(What this task involves) Starting with the line that contains "Коммутатор GWN7811P | Grandstream Networks", repeat exactly every line through the last one in the records below, and leave out the pictures.

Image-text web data
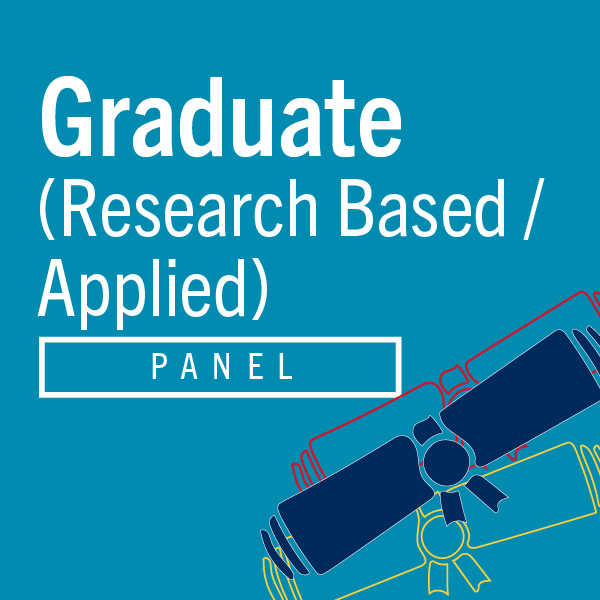 Showcase Image for Graduate (Research Based/ Applied) Virtual Panel 📚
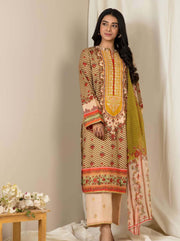 Zellbury Digital Printed & Embroidered Lawn 3Pc Suit WUSCE794 - FaisalFabrics.pk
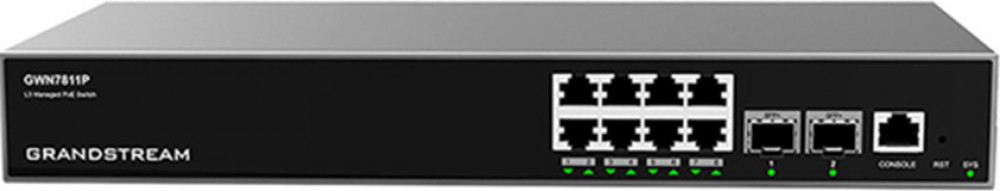 Коммутатор GWN7811P | Grandstream Networks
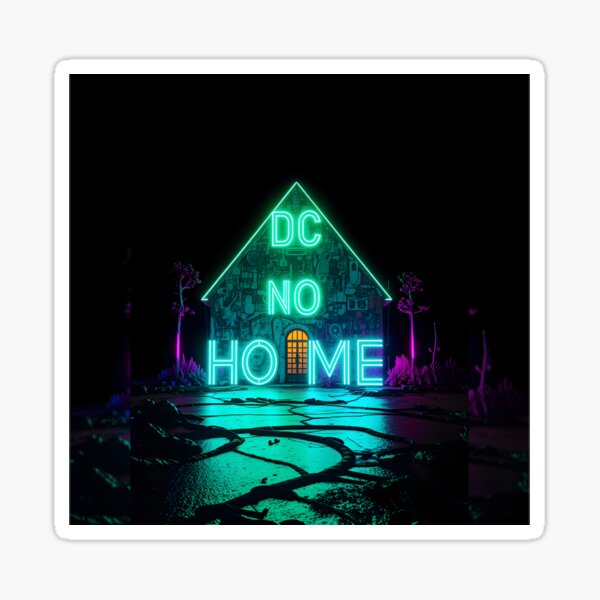 Item preview, DC NO HOME designed and sold by KUBANOPLUS ART.
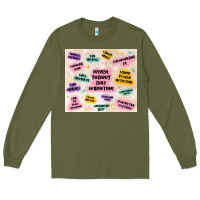 Army Green physical therapist daily affirmations Long Sleeve Tee - MaliasSmallBusiness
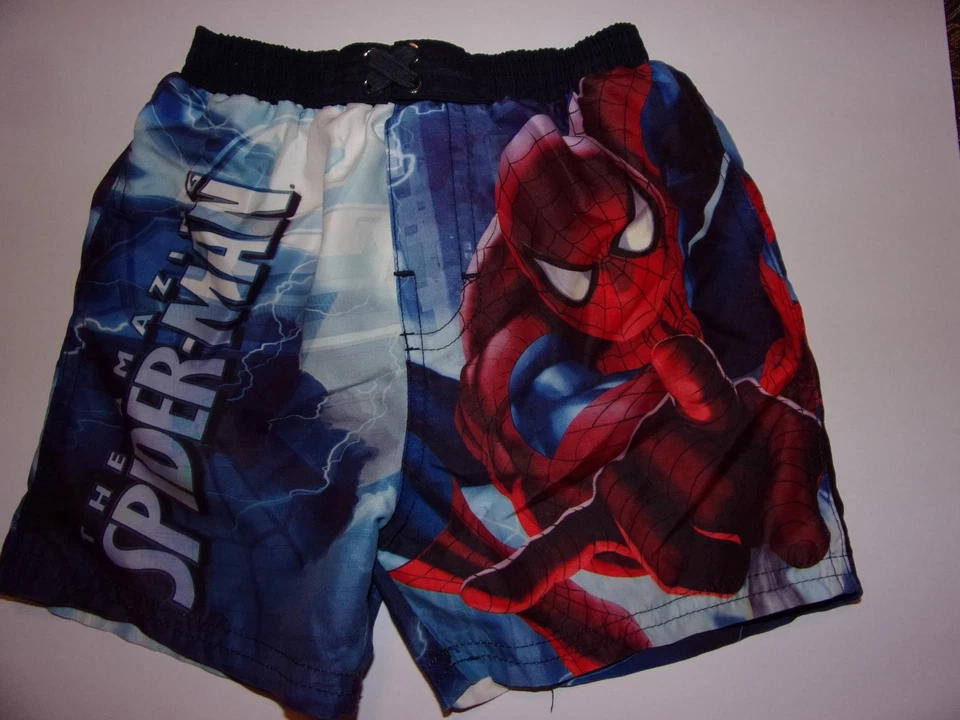 Marvel: Spiderman Boys 18 Months Swim Trunks  - Image 1 of 4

(Result of the exercise)
 Коммутатор GWN7811P | Grandstream Networks
 Item preview, DC NO HOME designed and sold by KUBANOPLUS ART.
 Army Green physical therapist daily affirmations Long Sleeve Tee - MaliasSmallBusiness
 Marvel: Spiderman Boys 18 Months Swim Trunks  - Image 1 of 4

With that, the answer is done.